May
19
Written by:
Bert
Tuesday, May 19, 2009 5:33 PM
The last two posts have covered popular misconceptions or “urban myths” myths when measuring and performing benchmarks. That might seem like the “whole enchilada”, but there's yet one more critical aspect to successful benchmarking – preparation. I encounter numerous people who believe that they can simply assemble the necessary hardware, install the OS, install the database software, create the database, and then have at it. And usually they allocate just two to four weeks for all of this work. I'm reminded from my youth of the Boy Scout's motto – “Be prepared”. That's the single most important aspect to benchmarking – and yet often one of the most overlooked.

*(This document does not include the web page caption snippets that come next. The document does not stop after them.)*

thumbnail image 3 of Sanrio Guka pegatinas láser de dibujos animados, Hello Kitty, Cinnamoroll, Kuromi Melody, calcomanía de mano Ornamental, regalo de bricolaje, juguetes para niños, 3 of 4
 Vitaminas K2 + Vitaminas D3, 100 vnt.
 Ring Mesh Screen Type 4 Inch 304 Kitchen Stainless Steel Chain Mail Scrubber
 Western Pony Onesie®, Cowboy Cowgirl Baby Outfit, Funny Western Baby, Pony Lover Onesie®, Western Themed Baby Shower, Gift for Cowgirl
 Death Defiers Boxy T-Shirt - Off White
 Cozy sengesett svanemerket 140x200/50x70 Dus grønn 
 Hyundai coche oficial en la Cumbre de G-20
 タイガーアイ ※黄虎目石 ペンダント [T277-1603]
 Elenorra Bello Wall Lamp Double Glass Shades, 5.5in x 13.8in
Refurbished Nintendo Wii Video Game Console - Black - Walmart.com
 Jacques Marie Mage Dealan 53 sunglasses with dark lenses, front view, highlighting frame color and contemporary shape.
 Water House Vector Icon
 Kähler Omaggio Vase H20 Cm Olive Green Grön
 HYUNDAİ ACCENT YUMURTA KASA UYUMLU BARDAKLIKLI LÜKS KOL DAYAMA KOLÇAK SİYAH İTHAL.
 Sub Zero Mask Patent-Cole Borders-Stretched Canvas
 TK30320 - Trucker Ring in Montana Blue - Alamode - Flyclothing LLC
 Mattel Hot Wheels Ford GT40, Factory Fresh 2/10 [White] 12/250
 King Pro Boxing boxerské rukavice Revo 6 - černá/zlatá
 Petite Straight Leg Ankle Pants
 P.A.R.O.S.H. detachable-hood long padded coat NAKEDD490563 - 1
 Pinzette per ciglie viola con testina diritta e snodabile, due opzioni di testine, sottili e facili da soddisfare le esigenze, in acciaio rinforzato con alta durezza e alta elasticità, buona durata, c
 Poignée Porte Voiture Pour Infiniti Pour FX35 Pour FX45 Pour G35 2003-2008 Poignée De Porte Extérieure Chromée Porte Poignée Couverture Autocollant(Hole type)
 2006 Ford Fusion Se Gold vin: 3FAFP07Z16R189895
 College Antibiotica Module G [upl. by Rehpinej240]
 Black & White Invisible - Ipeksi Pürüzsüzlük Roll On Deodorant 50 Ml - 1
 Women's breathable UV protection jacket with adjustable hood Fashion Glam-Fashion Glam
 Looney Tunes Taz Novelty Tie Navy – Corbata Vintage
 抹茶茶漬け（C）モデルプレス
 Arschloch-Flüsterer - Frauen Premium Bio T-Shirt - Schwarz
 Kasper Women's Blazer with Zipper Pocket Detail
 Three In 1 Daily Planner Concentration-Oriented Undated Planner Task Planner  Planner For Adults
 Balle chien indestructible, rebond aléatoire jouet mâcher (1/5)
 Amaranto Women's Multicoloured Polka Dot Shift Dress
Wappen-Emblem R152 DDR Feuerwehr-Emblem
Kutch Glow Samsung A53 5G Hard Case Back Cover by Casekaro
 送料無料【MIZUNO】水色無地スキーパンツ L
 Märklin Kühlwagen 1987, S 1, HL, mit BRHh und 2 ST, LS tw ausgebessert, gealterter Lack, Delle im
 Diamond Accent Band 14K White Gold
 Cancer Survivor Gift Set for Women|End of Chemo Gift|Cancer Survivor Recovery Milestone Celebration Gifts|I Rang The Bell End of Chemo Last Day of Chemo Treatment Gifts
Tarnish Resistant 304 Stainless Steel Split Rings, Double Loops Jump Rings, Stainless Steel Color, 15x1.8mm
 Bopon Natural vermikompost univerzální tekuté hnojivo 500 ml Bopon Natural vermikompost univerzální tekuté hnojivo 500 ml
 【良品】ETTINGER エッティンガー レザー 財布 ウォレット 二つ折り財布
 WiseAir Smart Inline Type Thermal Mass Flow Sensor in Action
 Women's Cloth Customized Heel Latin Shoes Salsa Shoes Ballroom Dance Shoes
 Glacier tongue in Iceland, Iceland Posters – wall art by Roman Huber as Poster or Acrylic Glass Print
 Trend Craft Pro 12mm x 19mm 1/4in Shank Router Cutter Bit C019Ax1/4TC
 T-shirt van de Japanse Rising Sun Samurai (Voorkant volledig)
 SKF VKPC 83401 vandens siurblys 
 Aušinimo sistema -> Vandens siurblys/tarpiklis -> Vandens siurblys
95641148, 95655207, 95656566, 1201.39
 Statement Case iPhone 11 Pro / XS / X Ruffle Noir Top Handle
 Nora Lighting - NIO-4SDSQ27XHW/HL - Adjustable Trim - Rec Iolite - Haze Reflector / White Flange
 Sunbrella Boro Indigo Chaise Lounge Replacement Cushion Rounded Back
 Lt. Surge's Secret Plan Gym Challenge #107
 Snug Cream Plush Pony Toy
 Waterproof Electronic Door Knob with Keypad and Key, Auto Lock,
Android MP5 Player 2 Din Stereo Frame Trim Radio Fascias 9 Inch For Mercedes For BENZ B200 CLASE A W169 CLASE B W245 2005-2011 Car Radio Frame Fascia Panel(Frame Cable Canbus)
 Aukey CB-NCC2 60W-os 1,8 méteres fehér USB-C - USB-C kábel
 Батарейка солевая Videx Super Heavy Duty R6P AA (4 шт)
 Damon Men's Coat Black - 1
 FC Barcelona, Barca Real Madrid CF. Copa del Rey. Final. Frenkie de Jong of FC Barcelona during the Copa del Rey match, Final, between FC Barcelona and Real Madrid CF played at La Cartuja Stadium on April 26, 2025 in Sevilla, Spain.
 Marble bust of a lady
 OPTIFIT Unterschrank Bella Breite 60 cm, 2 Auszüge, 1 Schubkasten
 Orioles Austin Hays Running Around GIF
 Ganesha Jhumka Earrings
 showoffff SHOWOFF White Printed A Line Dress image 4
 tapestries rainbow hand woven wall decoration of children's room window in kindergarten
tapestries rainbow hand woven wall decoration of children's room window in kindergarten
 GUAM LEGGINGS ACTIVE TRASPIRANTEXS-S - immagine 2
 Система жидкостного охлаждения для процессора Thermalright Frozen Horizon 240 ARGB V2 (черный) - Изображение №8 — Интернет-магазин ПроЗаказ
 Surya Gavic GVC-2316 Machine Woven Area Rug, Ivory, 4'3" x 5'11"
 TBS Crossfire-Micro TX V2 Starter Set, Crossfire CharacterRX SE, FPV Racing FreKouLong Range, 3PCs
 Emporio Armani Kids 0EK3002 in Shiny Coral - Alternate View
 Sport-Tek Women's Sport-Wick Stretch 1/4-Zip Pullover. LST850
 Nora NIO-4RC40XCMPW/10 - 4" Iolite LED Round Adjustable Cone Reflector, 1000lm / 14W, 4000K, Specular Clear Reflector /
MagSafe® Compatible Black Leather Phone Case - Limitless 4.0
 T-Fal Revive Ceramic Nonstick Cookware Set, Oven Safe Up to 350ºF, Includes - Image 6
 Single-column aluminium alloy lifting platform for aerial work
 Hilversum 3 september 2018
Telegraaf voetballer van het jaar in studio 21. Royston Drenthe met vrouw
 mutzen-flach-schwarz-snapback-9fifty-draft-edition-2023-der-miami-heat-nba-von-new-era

For example, many people will choose to run an industry standard benchmark such as the TPC-C for OLTP or the TPC-H for data warehousing. Usually they are relying on tools such as Quest Software's Benchmark Factory (BMF) to handle the bulk of the work – and that too is fine. But they don't read the TPC spec for the test they're about to perform, so when BMF asks them a question such as how big to scale the WAREHOUSE table – they're not really and truly prepared to answer intelligibly. The point is that the benchmarking tools assume a certain minimal familiarity with the benchmark and its spec. So if you're going to run an industry standard benchmark such as the TPC-C or TPC-H, you really need to read the spec. They can be found at
www.tpc.org.
OK – so now you've read the spec. But remember
last week's post about tools not being able to auto-magically build fully optimized database structures (i.e. already clustered or partitioned) since it does not know about your hardware. Well there's preparation for that too. After you've read the benchmark spec and now have some appreciation for what you're about to do, then read the full disclosure reports posted by people who've already performed and optimized these very same tests. You will find those too at
www.tpc.org. For example IBM, Dell and HP post lots of great benchmarking results. You'll find that Appendix A of any disclosure reports contains the complete SQL DDL (Data Definition Language) commands they used to achieve their stellar results. Therefore simply find a disclosure report where the person was using similar database servers and disk storage hardware as you have, and then look to their DDL to see how you might best create your database objects.
You also will see some common themes across the DDL regardless of the hardware. For example all the TPC-C disclosure reports generally CLUSTER the DISTRICT table. The reason is simple. All the thousands of concurrent OLTP transactions must fight each other to update the very few rows in this table. Remember how back before sequence number generators we used to use counters in sequence table – and how that was a huge bottleneck? Well that's essentially what the TPC-C benchmark does. The DISTRICT table contains a “counter variable” column that all the transactions for the same district must update. Hence you'll see huge row contention within this table. By merely forcing each district row or record to go into its own block, the majority of the bottleneck is eliminated. And this is but a technique most Oracle DBA's and developers know about. But you need to understand the test in order to apply your wisdom and insights.
Hence why I always tell people – look before you leap. Benchmarking requires lots of preparation and understanding to best meet your expectations. But when you're prepared, benchmarking is really not all that tough – and getting stellar results is not as hard as people might think.